Now, you can piece together the main program:
int main(int argc, char* argv[]) {
std::vector const args(argv, argv + argc);
std::string const filename(args.at(1));
Starting with the aforementioned safe way to use the command line arguments,
std::bitset<m> bloom;
reducing the verbosity vector<vector<> >
syndrome (and improving the name - v
?!)
Here comes the first file reading pass:
size_t bloom_size = 0;
process_csv(filename,
[&](std::string_view url, goodbad classification) {
if (classification == bad) {
bloom_size += 1;
bloom.set(hash1(url));
//std::cout << url << " inserted into bloom filter\n";
}
});
I decided it would not be necessary (and slow) to print all bad
urls, so
let's print the number of them instead:
// Now bitset contains all the malicious urls
std::cerr << "Bloom filter primed with " << bloom_size << " bad urls\n";
Now the validation pass:
// do a 1 in 10 validation check
process_csv(filename,
[&bloom, line = 0](std::string_view url,
goodbad classification) mutable {
line += 1;
if (rand() % 10) return; // TODO #include <random>
auto hit = bloom.test(hash1(url));
bool expected = (classification == bad);
std::cout << line << ": " << std::boolalpha
<< (hit == expected)
<< (hit ? " positive" : " negative") << "\n";
});
}
Live Demo
Live On Coliru
#include <bitset>
#include <fstream>
#include <iostream>
#include <sstream>
#include <string>
#include <vector>
static constexpr size_t m = 100;
//static constexpr size_t k = 1;
static size_t hash1(std::string_view str) {
size_t value = 0;
for (unsigned char i : str) {
value = (value + i) % m;
}
return value;
}
enum goodbad { good, bad, invalid }; // The Good, The Bad and ...

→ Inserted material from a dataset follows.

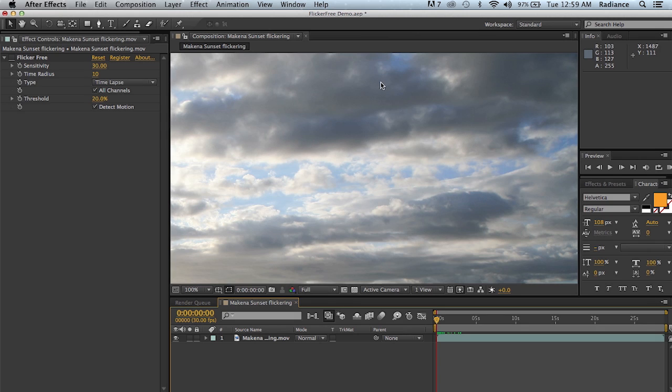Welcome to another Digital Anarchy tutorial. I'm Jim Tierney, president of Digital Anarchy, and in this tutorial we're going to talk about our new plugin Flicker Free.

static goodbad to_classification(std::string_view text) {
if (text == "bad") return bad;
if (text == "good") return good;
return invalid;
}
void process_csv(std::string filename, auto callback) {
std::ifstream fin(filename);
std::stringstream ss;
for (std::string line; getline(fin, line);) {
std::string_view row(line);
// eat line end remnants
row = row.substr(0, row.find_last_not_of("\r\n") + 1);
if (auto comma = row.find_last_of(','); comma + 1) {
auto url = row.substr(0, comma);
auto goodbad = row.substr(comma + 1);
auto classif = to_classification(goodbad);
if (classif == invalid)
std::cerr << "Ignored unclassified line '" << row << "'\n";
else
callback(url, to_classification(goodbad));
}
}
}
int main(int argc, char* argv[]) {
std::vector const args(argv, argv + argc);
std::string const filename(args.at(1));
std::bitset<m> bloom;
size_t bloom_size = 0;
process_csv(filename, [&](std::string_view url, goodbad classification) {
if (classification == bad) {
bloom_size += 1;
bloom.set(hash1(url));
}
});
// Now bitset contains all the malicious urls
std::cerr << "Bloom filter primed with " << bloom_size << " bad urls\n";
// do a 1 in 10 validation check
process_csv(filename,
[&bloom, line = 0](std::string_view url,
goodbad classification) mutable {
line += 1;
if (rand() % 10) return;
auto hit = bloom.test(hash1(url));
bool expected = (classification == bad);
std::cout << line << ":" << std::boolalpha
<< (hit == expected)
<< (hit ? " positive" : " negative") << "\n";
});
}
On Coliru only the bad dataset fits, so we never get any positives
g++ -std=c++2a -O2 -Wall -pedantic -pthread main.cpp
./a.out bad.csv | cut -d: -f2 | sort | uniq -c | sort -n
Prints
Ignored unclassified line 'url,label'
Bloom filter primed with 75643 bad urls
Ignored unclassified line 'url,label'
7602 true positive
On my own system:

Oh, and it runs in 0.4s instead of 3.7s before.
After parsing bug fix even faster: 0.093s on average for the full set.